Engagement with Professionals

  • Our students have opportunities to interact with professionals in our Backpack to Briefcase week and at The Executive Network conference. We allow time for discussion between our Advisory Council members and students during lunches and informal mixers. One example of the success of this initiative is the mentorship relationship that developed between one of our senior finance majors, Kile Pletcher, and Advisory Council member and healthcare CFO John Armour. They shared a mutual interest in the healthcare industry, and with Mr. Armour’s advice and help, Kile was able to secure a position in the industry.

College Consensus logoCrucial Characteristics

Professional Preparedness: When students attend a business school, they go into it wanting to learn as much foundational business knowledge as possible and be able to graduate with the confidence that they have been professionally prepared to enter into their desired career. The College helps prepare students for internships through a faculty internship advisor, and workshops on how to find the right internship and how to be successful within it. They have several resources that help prepare students to know how to interact, dress, and navigate jobs professionally. There are career fairs and workshops for resume building, interview preparations, social media resources, business etiquette, job searches, and more. The Rankin CoB has thoughtfully placed support systems, with programs and even Career Coaches, at every turn on the road from education to career. They are intentionally placed to help students make the best decisions throughout their educational path to get them to their career of choice.

Executive Engagement: It is vital to the overall educational experience for business students to be able to hear from and work with business professionals and executives during their time in college. Rankin College of Business places incredible importance on providing numerous opportunities for students to engage with executives and businesses in the local and regional communities. The Executive Network Conference gives students the opportunity to hear from and interact with successful alumni who have become executives in their career.
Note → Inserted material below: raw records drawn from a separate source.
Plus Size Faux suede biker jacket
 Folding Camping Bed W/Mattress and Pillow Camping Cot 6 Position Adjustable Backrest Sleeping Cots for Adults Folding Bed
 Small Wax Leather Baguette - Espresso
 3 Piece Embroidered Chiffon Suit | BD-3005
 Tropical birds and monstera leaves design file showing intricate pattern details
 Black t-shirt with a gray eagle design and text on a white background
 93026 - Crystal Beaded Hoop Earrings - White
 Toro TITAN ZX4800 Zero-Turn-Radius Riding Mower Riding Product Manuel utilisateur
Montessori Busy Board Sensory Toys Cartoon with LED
RCB on the Road is a program that all majors participate in, where students travel to business locations and take part in learning, first-hand, from the leaders about how different businesses operate. There is a unique opportunity for students in every major to have lunch and interact with the Dean personally. The mentorship that students receive through their engagement with executives is priceless. 

Experiential Learning: Rankin provides ways for students to work on real-life business projects for hands-on experience. Students have multiple ways to gain real-word experience with local organizations, including the partnership with the Arkansas Small Business Technology Development Center and the SAU Beyond the Campus. Rankin also provides an internship called Volunteer Income Tax Assistance, where accounting students provide tax services to the community. Experiential learning is a necessary part of the process to successfully prepare future business leaders.